Notes on Virtualization
From Ggl's wiki
Contents |
Xen
Concepts
Xen is a hypervisor i.e. a small kernel that multiplexes hardware resources between domains. It provides an interface to access the underlying hardware. CPU, Memory and I/Os (inputs and outputs) are resources. A domain is a guest executable instance. The concept of host and guest might be seem as the host lets guests share and access its hardware. There are three types of domains:
- dom0
- domU
- stub domain
The dom0 is a priviledge domain. It runs the device drivers (block device like SATA disks, char device like network card) and administrative processes (like the xenstore and xend). To take advantage of existing drivers, the dom0 is usually a modified linux kernel.
The domU is what is commonly called a VM (Virtual Machine). In paravirtual (PV) mode it communicates with the xen hypervisor and the dom0 through shared memory (ringbuffer and event channels). The hypervisor provides acces to memory and CPU. The dom0 provides acces to device drivers. Drivers in the dom0 are called backend drivers (blkback, netback, etc...) while drivers in the domU are called frontend drivers (blkfront, netfront, ...). This schema abstracts the underlying device to the domU. This way the dom0 provides a common interface to device families (block, network, console, ...). Whatever actual device is installed on the machine, the domU only have to implement this interface as a client.
Memory management is a core task of the hypervisor and the essential part of any operating system. When approaching memory management in the context of a hypervisor, you should consider from which point of view you do. The hypervisor sees the actual machine pages. In order to multiplex these pages to guest domains it maintains several pagetables. A domU sees pages it believes as the machine ones. If it supports virtual memory, it maintains tables to provide a consistent address space to processes. In fact, the operating system maps a process into virtual memory and must maintain the same address space even when it pages out some process pages to disk and remap the page when the process reclaims it. A process access memory through linear address conversion.
Xen Memory Management
Extracted from Xen Memory Management Presentation by Samuel Thibault.

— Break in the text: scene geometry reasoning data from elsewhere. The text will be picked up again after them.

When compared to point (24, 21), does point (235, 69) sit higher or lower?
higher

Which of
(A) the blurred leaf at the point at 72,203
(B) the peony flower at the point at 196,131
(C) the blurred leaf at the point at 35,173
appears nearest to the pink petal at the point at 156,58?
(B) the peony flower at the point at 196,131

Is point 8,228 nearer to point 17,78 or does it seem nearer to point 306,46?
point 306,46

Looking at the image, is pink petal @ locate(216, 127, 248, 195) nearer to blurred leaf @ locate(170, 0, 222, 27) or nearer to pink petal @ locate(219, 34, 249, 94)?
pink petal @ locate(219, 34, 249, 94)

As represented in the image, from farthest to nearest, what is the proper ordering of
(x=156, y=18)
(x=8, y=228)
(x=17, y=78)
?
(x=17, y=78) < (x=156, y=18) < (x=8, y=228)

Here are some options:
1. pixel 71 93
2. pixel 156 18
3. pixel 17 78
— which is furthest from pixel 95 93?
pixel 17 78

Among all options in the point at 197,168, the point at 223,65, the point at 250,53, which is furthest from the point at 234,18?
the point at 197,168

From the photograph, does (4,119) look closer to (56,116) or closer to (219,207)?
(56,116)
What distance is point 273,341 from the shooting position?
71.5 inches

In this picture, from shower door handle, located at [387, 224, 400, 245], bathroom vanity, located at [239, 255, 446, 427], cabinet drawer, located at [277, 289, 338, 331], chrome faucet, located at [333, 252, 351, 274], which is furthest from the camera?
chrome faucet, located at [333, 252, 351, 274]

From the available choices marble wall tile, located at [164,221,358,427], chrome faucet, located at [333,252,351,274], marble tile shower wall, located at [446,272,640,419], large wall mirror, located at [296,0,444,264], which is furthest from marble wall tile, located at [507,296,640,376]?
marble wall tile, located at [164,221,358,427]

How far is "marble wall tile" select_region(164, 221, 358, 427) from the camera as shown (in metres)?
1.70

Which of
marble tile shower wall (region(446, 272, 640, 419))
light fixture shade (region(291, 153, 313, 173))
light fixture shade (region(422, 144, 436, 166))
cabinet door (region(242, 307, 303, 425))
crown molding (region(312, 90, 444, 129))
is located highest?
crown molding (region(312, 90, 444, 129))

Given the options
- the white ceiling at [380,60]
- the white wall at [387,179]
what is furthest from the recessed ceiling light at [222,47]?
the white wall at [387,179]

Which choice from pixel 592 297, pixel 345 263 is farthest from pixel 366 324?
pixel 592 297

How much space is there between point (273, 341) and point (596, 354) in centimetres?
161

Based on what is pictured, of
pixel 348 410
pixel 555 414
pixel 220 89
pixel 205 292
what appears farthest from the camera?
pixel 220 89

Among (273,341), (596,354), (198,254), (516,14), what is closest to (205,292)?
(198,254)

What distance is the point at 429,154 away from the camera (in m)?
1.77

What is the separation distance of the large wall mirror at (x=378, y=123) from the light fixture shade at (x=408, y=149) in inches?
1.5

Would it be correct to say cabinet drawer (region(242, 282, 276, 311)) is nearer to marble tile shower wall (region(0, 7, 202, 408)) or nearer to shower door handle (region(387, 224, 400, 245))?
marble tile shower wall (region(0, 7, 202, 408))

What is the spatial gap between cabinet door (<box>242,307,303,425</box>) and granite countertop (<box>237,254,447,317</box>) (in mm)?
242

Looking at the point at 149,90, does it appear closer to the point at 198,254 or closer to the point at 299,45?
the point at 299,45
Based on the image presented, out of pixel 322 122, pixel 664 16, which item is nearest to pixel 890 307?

Definitions for memory pages, frame numbers, addresses, allocations, etc... in xen/include/mm.h. See also xen/include/asm-x86/mm.h:
1. gpfn/gpaddr: A guest-specific pseudo-physical frame number or address. 2. gmfn/gmaddr: A machine address from the p.o.v. of a particular guest. 3. mfn/maddr: A real machine frame number or address. 4. pfn/paddr: Used in 'polymorphic' functions that work across all address spaces, depending on context. See the pagetable conversion macros in asm-x86/page.h for examples. Also 'paddr_t' is big enough to store any physical address. This scheme provides consistent function and variable names even when different guests are running in different memory-management modes. 1. A guest running in auto-translated mode (e.g., shadow_mode_translate()) will have gpfn == gmfn and gmfn != mfn. 2. A paravirtualised x86 guest will have gpfn != gmfn and gmfn == mfn. 3. A paravirtualised guest with no pseudophysical overlay will have gpfn == gpmfn == mfn.
Virtual / Physical / Machine address
- Frame vs Page
- PFN: physical frame number, guest abstraction for tracking/allocating RAM (usually fairly contiguous)

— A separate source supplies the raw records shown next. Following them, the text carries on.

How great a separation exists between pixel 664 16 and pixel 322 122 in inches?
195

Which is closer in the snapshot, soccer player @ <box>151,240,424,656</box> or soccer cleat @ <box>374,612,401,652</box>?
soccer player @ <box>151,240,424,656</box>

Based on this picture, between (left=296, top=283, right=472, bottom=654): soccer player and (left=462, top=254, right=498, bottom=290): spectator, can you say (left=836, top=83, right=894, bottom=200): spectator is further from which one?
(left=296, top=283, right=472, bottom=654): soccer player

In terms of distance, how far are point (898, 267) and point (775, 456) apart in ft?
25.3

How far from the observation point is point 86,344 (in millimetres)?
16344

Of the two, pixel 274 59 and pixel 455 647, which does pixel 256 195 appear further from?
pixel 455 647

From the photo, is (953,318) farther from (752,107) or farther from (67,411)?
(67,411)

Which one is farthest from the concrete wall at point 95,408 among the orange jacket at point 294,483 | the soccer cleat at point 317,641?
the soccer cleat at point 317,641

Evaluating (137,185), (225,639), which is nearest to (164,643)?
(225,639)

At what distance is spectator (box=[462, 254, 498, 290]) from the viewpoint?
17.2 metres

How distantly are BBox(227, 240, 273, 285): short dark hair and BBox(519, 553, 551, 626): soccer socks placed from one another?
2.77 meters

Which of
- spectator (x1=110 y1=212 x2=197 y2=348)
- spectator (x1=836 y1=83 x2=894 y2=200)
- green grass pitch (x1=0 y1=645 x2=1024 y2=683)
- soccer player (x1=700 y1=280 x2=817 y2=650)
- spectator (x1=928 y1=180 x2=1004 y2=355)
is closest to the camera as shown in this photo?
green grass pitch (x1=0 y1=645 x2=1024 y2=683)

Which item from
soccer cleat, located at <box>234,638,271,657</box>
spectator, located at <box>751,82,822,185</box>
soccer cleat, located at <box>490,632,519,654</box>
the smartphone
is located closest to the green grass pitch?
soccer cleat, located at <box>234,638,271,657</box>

- GFN: guest frame number, guest idea of hardware address, used in guest pagetables
- MFN: machine frame number, actual hardware virtual address
PV (paravirt) pagetables (direct paging):
- pfn -> mfn table managed by the guest
- shared mfn -> pfn provided by xen
- gfn == mfn so pagetables can be directly used by the hardware
- Xen checks the content of the guest pagetables before allowing the hardware to see them
Enforcing isolation:
- Guest pagetables must have a pagetable type
- Xen checks that page contents obey the typing rules before allowing them to take on pagetable type
- typing rules
- No mapping other guests' frames
- No read-write mappings of frames with pagetable type
- Modify an already-typed pagetable needs a call to Xen to check the modification obeys the rules (or trap-and-emulate assistance from Xen)
Grant tables:
- A guest explicitly allows other guests to map its frames
- The mapper makes a hypercall with a domid, an opaque index, and the address of a PTE (PageTable Entry)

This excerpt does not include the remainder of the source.